Wat de kalk van Sarti hier precies in deze groep doet, is mij onduidelijk: het is meer een geel, zou zelfs misschien door kunnen gaan voor het gewilde Napels geel.

De volgende groep
kalkachtigen is PW19:

 

  • Kaolin of Chinese klei

  • Rügener krijt

  • Aarde van Vincenza

Ook hier weer een vreemde eend in de bijt: Aarde van Vincenza. Het is meer bruin en na verdunning met water zou het een mooie huidtint kunnen zijn.

 

Waar ik wel zeer over te spreken ben is de Kaolin/Chinese klei. Ik hoopte bij het speuren op het internet dat het niet weer een zinkvalkuil zou worden, omdat zink wit ook wel eens chinees wit genoemd wordt.

Mijn hoop werd beantwoord: het is geen zink. Dit soort zachte klei wordt veel gebruikt bij gezichtsmaskers en andere cosmeticaproducten. Het heeft een groot absorptievermogen en dat maakt het een geweldig ingrediënt voor gebruik in zelfconserverende producten. 

Doordat het veel water opneemt krijgen bacteriën, schimmels en gisten geen kans zich te vermeerderen. Wellicht dat Kaolin meer in zijn mars heeft dan alleen maar een wit pigment te zijn. Word vervolgd….

Rügener krijt is redelijk bekend. Het is een soort van off white, een beetje tussen titanium en buff titanium in. Het bestaat grotendeels uit zuiver calciumcarbonaat (98,2%), verder bevat Rügener krijt silicium-, magnesium-, aluminium-, ijzer-, jodium- en fosforverbindingen.Als je het mengt met water wordt het dekkend, met olie wordt het transparant. 

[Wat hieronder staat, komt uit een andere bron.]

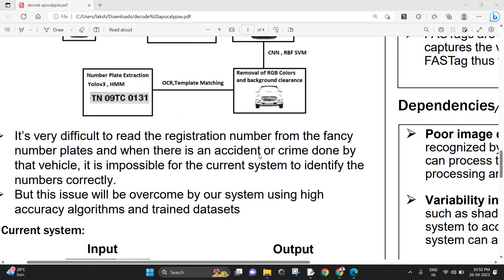It's very difficult to read the registration number from fancy number plates and when there is an accident or crime done by the vehicle, it's currently impossible to identify the numbers correctly.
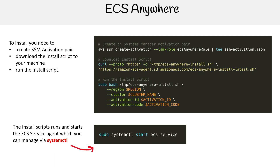To install, we need to create an SSM activation pair, then download the install script and run it. The service will start the ECS service agent — that's basically what we're doing. We're just installing the service agent and giving it role access, which are the two things it needs.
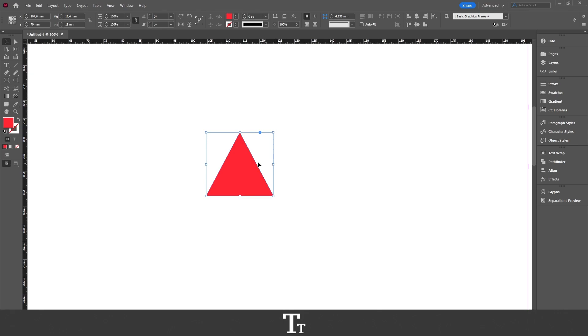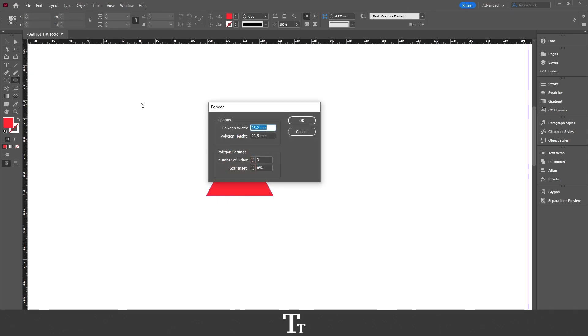If you want to get it back to the polygon tool, you can just do the same thing by selecting the polygon tool again, click on artboard, and set the number of sides back to 6.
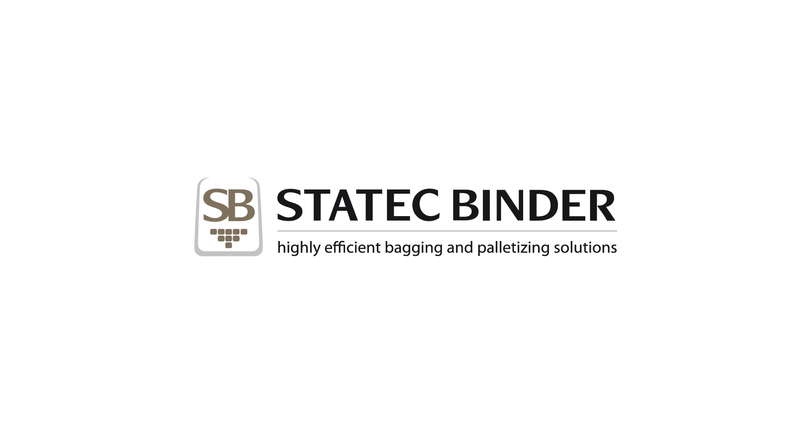Statec Binder: highly efficient bagging and palletizing solutions.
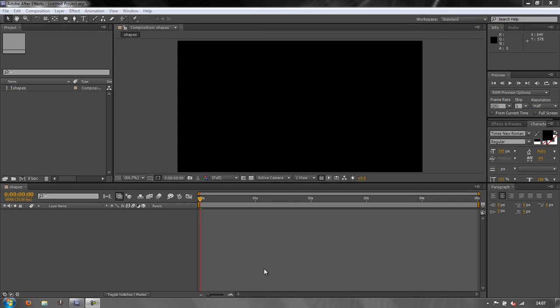Hello and welcome to this AE Basics tutorial, which is the first in a short series looking at Shape Layers. Shape Layers were introduced in After Effects CS3 and are a great additional tool for creating things like additional assets, animating items, backgrounds, buttons, and all kinds of different bits and pieces. They're very easy to animate and you can do some very powerful things with them.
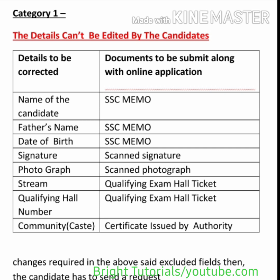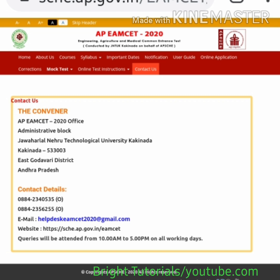If you entered your name, father's name, or date of birth incorrectly, send a xerox copy of your SSC memo with your online application to the MSET convener's email. To correct your signature, send a scanned copy of the new signature. To correct your photograph, send a scanned photograph. To correct your stream, send your qualifying exam hall ticket. To change your qualifying exam hall ticket number, send the same hall ticket. To change your caste, send your caste certificate issued by the authority. All these documents should be sent to the convener.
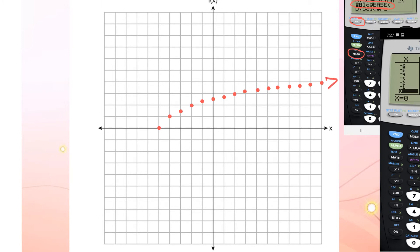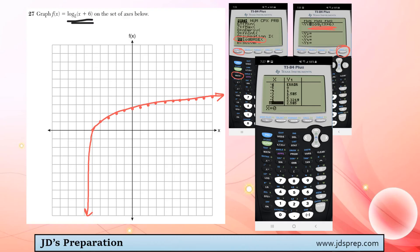We're going to carefully connect these dots and add an arrow on the right. Again, as we figured out, as x approaches negative 6, it's actually going to go downwards until negative infinity, but not quite reach negative 6, just like that. That's all for this video, and thanks for visiting JD's preparation.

Ook dit krijt wordt vaak gebruikt in cosmeticaproducten.
Ja, dit zou ook prima door kunnen gaan voor mijn alternatieve wit.

Dan nog een buitenbeentje: Zwaarspaat (PW21), ook wel permanent wit genoemd, maar het is het bariumsulfaat dat ook in lithopoon zit en doet toch niet echt als wit aan. Creme-wit zou ik het mee willen geven. Ik vind dit pigment vooral mooi bij het mengen met andere kleuren, als te zien is in de foto met blauwe inkt.

Alle witte pigmentkrijtsoorten geven de inkt een mooie dekkende afwerking, wat te verwachten is van een krijt. De krijt voor tempera blijkt het meest dekkende en maakt de kleur zelfs wat donkerder.

Van alle geteste pigmenten komt lithopoon het dichtst bij de titanium wit. Vanwege het ingrediënt zink, zal ik toch geen lithopoon meer willen gebruiken. De andere pigmenten zijn wit (behalve Sarti en Vincenza), maar niet zo wit als titanium of zink. Maar, vraag ik mij af, hoe vaak gebruik ik echt alleen het pure witte titanium? Meng ik het vaak niet met een andere kleur? En ben ik niet verliefd geworden op de buff titanium vanwege zijn “off white” kleur?

Mijn favoriete nieuwe wit heb ik nog niet, ze hebben allemaal wel iets. Ik heb in ieder geval nog poedertjes genoeg om het te gaan ontdekken.